Une organologie nouvelle doit donc émerger, incluant aussi bien les instruments acoustiques que les boîtiers électroniques ou encore les modules logiciels. Elle sera par nature pluri-disciplinaire, car nécessitant la collaboration de musicologues, de réalisateurs en informatique musicale, de scientifiques et d’informaticiens. Parmi les questions qui la traverseront, deux nous semblent émerger :
− la question de la classification ;
− la question de l’authenticité.


Vers des classifications homme-machine

Comment classifier les éléments matériels et logiciels de la musique électronique interactive ? Une première possibilité serait d’épouser l’histoire de cette musique et de ses inventions. On pourrait ainsi proposer l’éventail suivant :
− instruments électriques ;
− synthétiseurs analogiques ;
− synthétiseurs numériques ;
− modules d’effets ;
− synthétiseurs virtuels ;
− logiciels temps réel.

Cette classification est fondée sur la nature technique des dispositifs utilisés ; elle ne prend toutefois pas en compte leurs fonctions musicales, ce qui n’est sans doute pas aisé à établir.

A ces classifications statiques a priori nous devons ajouter les classifications dynamiques, notamment celles que nous pourrions obtenir avec l’ordinateur : puisque nos modules de transformation du son sont désormais des logiciels avec leurs données, nous pouvons effectuer en machine des extractions et classifications à partir de descriptions numériques de ces dispositifs.

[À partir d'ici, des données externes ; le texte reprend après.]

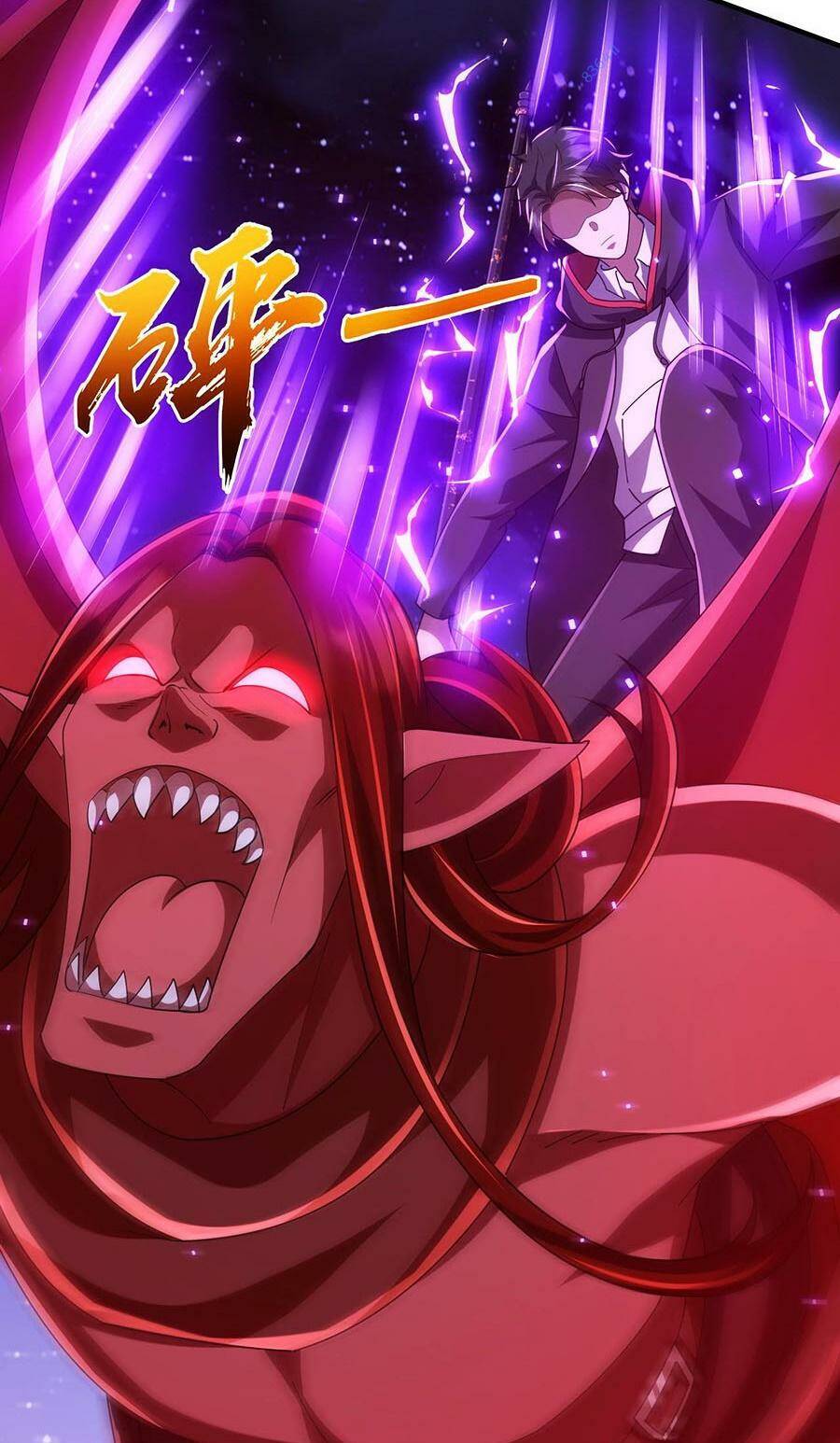 Bắt Đầu Với Trăm Vạn Minh Tệ Chap 77 - Next Chap 78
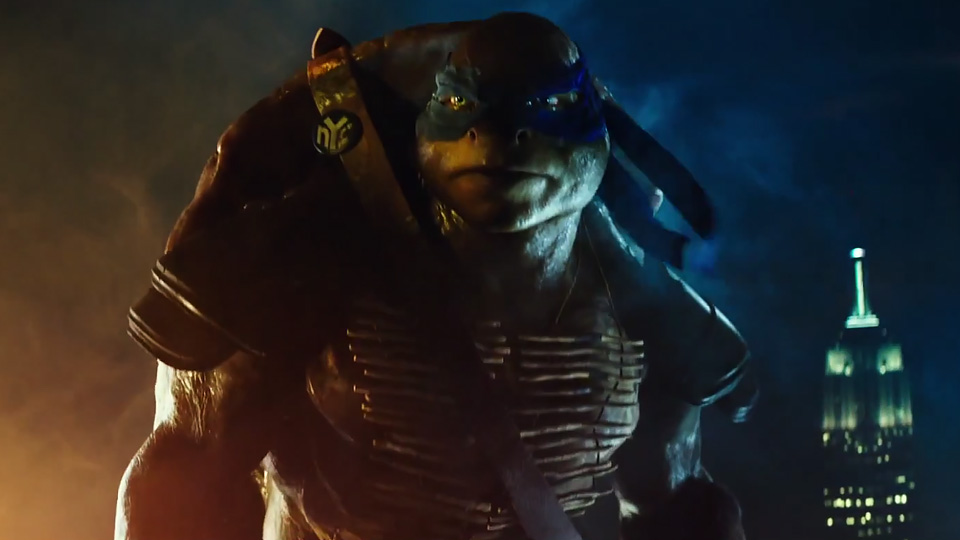 TMNT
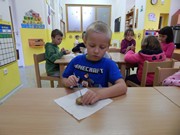 Kuchařský den - připravujeme bramborový salát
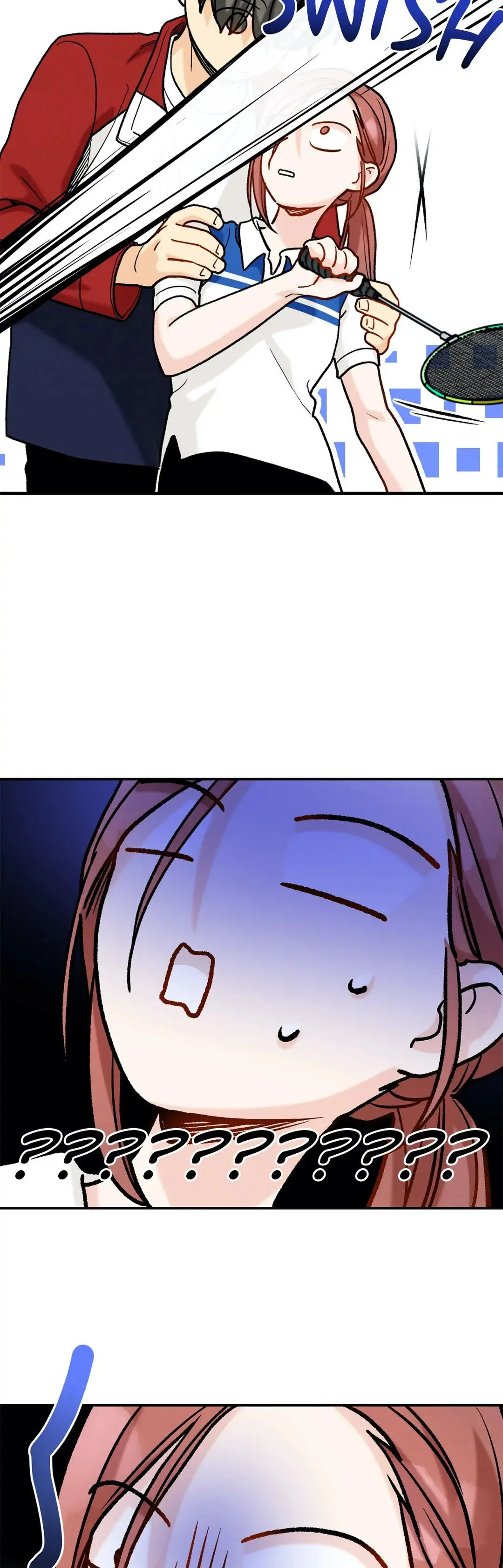 Dazzled By You Chapter 80 image 32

Il est ainsi prévu dans le cadre du projet ASTREE, en cours de développement, de rechercher des éléments d’organologie à partir de techniques dites de « data mining » c’est-à-dire de fouille de données et de découverte de relations entre les entités.
Remarquons enfin que nous pouvons également envisager des classifications homme-machine, c’est-à-dire associant astucieusement un (ou plusieurs) opérateur(s) humain(s) à des programmes informatiques, permettant de faire émerger des organisations sans ontologie a priori définissant le domaine [17].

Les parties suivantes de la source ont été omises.